Our final day of riding began with a walk to the Konstanz train station where we caught a Swiss train to Diessenhofen. Corinna met us there with the van and bikes and we set off, crossing the Rhine on a covered bridge to the right bank to begin our ride back to Konstanz, basically paralleling the Rhine and the Untersee. After some uphill riding on packed gravel and then downhill, we stopped at the Swiss town of Stein am Rhein, where we visited a chocolate shop. It was too tempting not to take some home for myself and for gifts. After perusing the town with its many interesting buildings, it was on the road again. Things went fine for a while, but some confusing directions sent me on a detour. Fortunately Aernoud showed up to rescue me, and we were soon on the bike path again, crossing back into Germany. This took us to a group picnic at that Corinna had prepared at Iznang overlooking the Rhine. We finished our lunch and headed back to Konstanz through countryside similar to what we had done all week. There were some confusing directions toward the end, but Aernoud was there to explain things, and it was straight on to the construction detour from yesterday at which we now were past masters, though entering from a different direction, then to the rail line and the bike path to Konstanz, and finally the hotel. Riding had now come to an end; only a sausage, as the cue sheets informed us, has two. After turning in our bikes and cleaning up, we had our farewell dinner at the hotel restaurant, at the end of which Aernoud and Corinna sang us a farewell serenade, and we thus ended our biking on a harmonious note. 

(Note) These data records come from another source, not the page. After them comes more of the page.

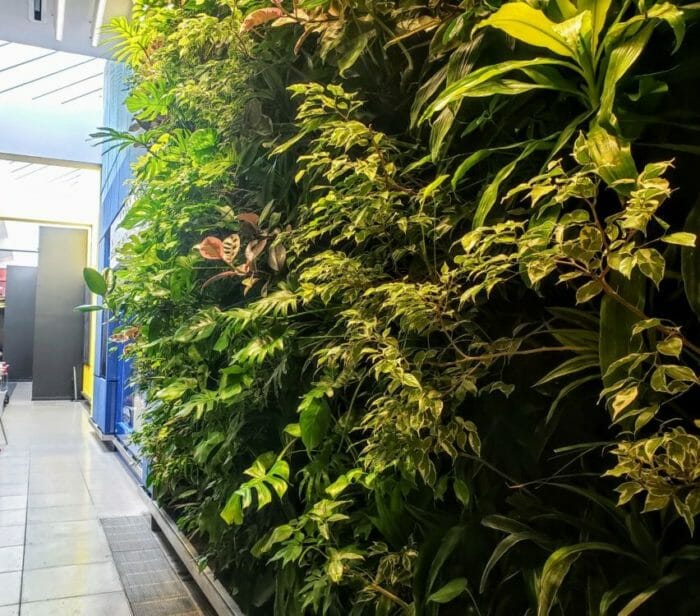 Montreal Airport green wall
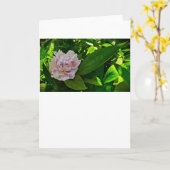 Pony, Karte (Gelbe Blume)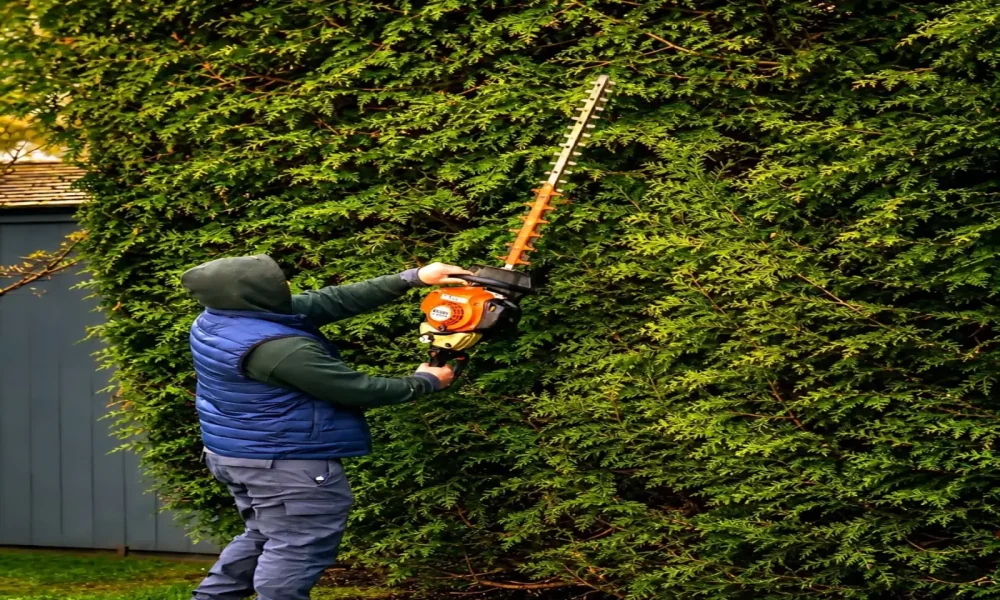 TRIMMING
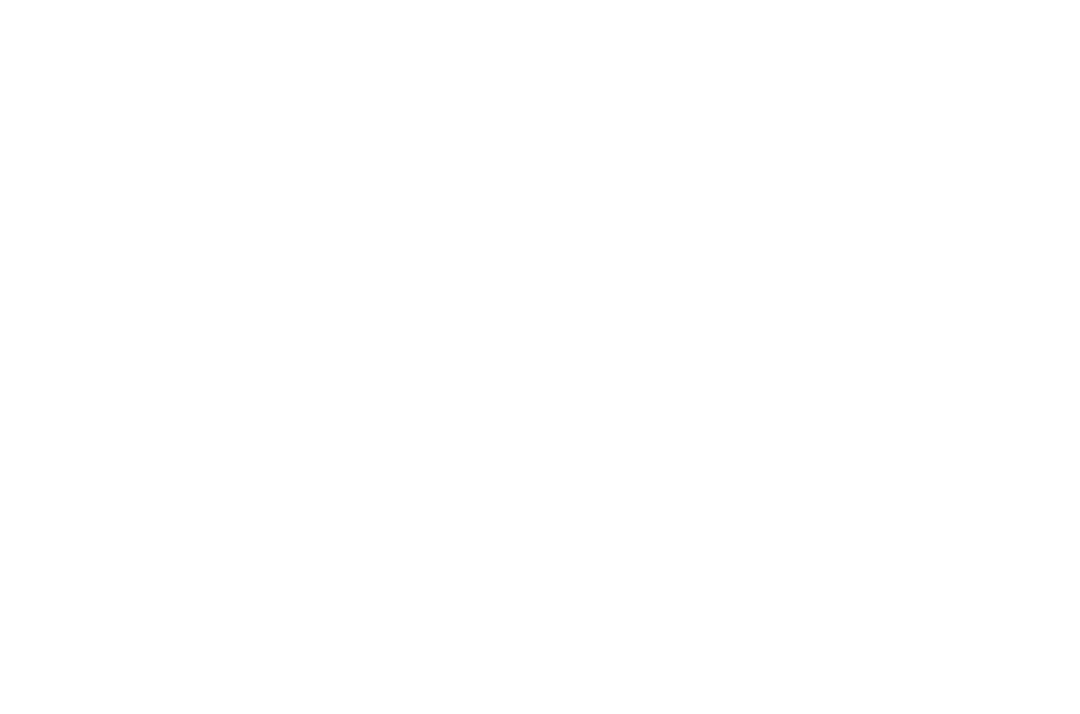 Transparent Pattern of White Rectangles Repeated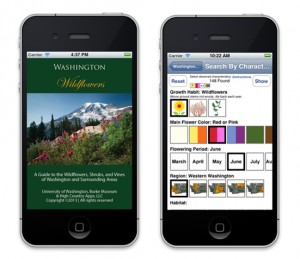 UW’s Burke Museum Herbarium Launches New Wildflower App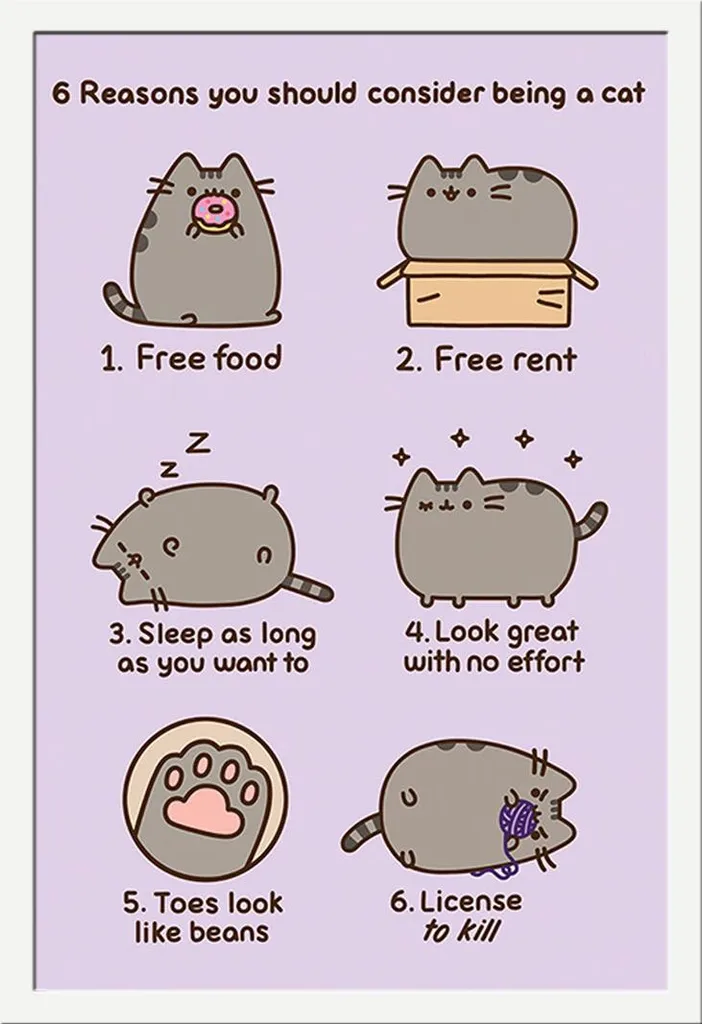 Déco chambre Pusheen : poster encadré blanc Reasons to be a Cat 61cm
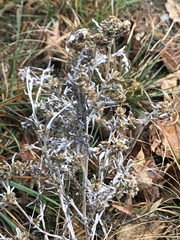 Gnaphalium uliginosum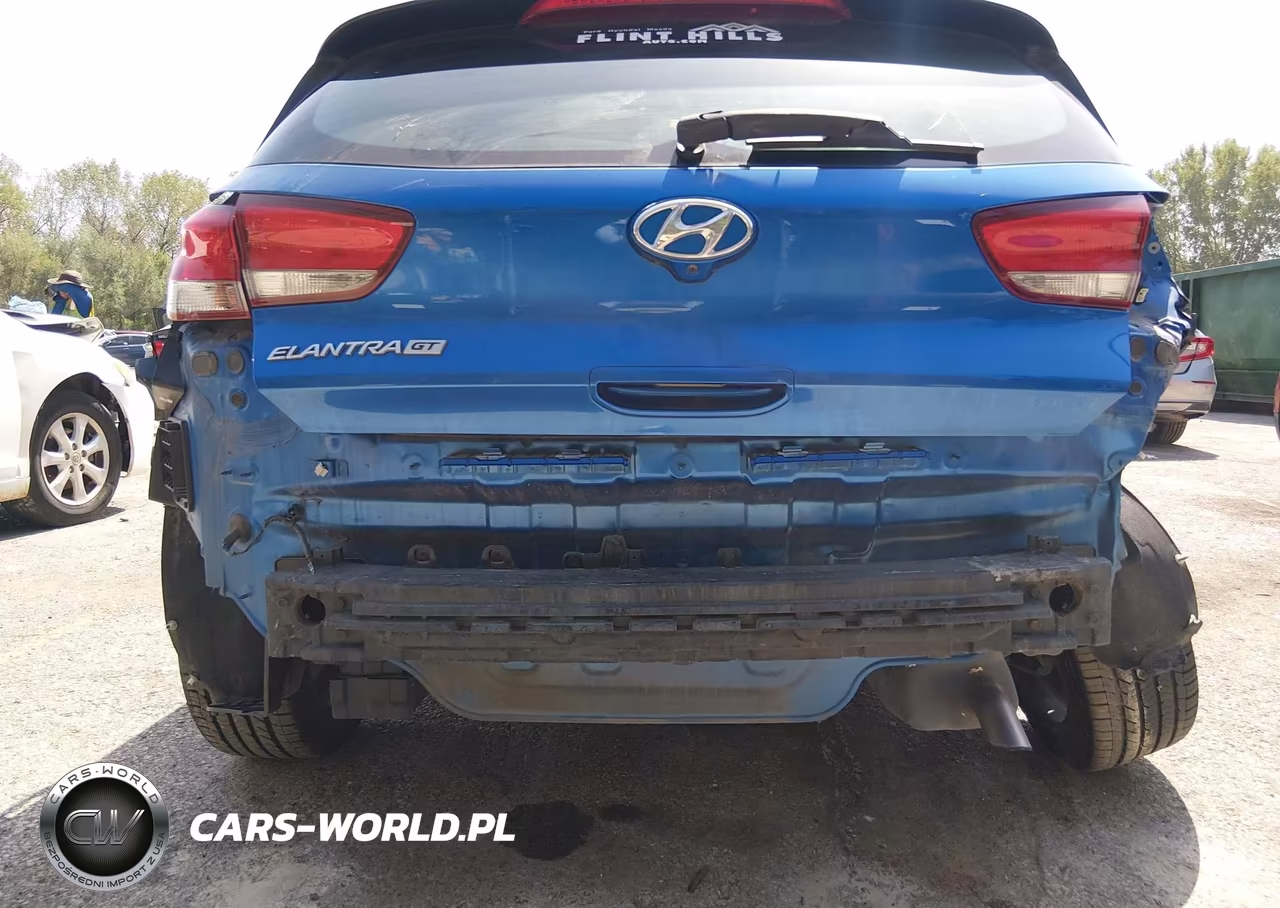 2018 Hyundai Elantra Gt VIN:KMHH35LEXJU045936 - 6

But wait; there’s more! The schedule for the next day was to explore Konstanz. Aernoud walked us over the pedestrian bridge to the old town to meet our guide for the day who failed to appear, so Aernoud did extra duty and showed us around the old town. Somewhere mid-tour my camera battery ran low and I discovered I had forgotten to bring the spare, so after Aernoud finished with us I trekked back to the hotel to retrieve the extra battery, then returned to Konstanz to explore on my own. Of more than passing interest was the revolving 1993 statue of Imperia, erected to commemorate the fifteenth century Council of Constance, whose purpose was (primarily) to end the papal schism and create one legitimate pope. Lasting for several years, it afforded the participants ample opportunity to savor the fleshly delights of the town, so the prostitute Imperia holds a prelate in one hand and in the other a king. Spent  the better part of the day looking around, including lunch at a harborside restaurant before returning to the hotel. Relaxed a bit, then had dinner at Holly’s, followed by, of course, some gelato from Holly’s gelato bar. Walked the riverfront a little then returned to my room and to bed.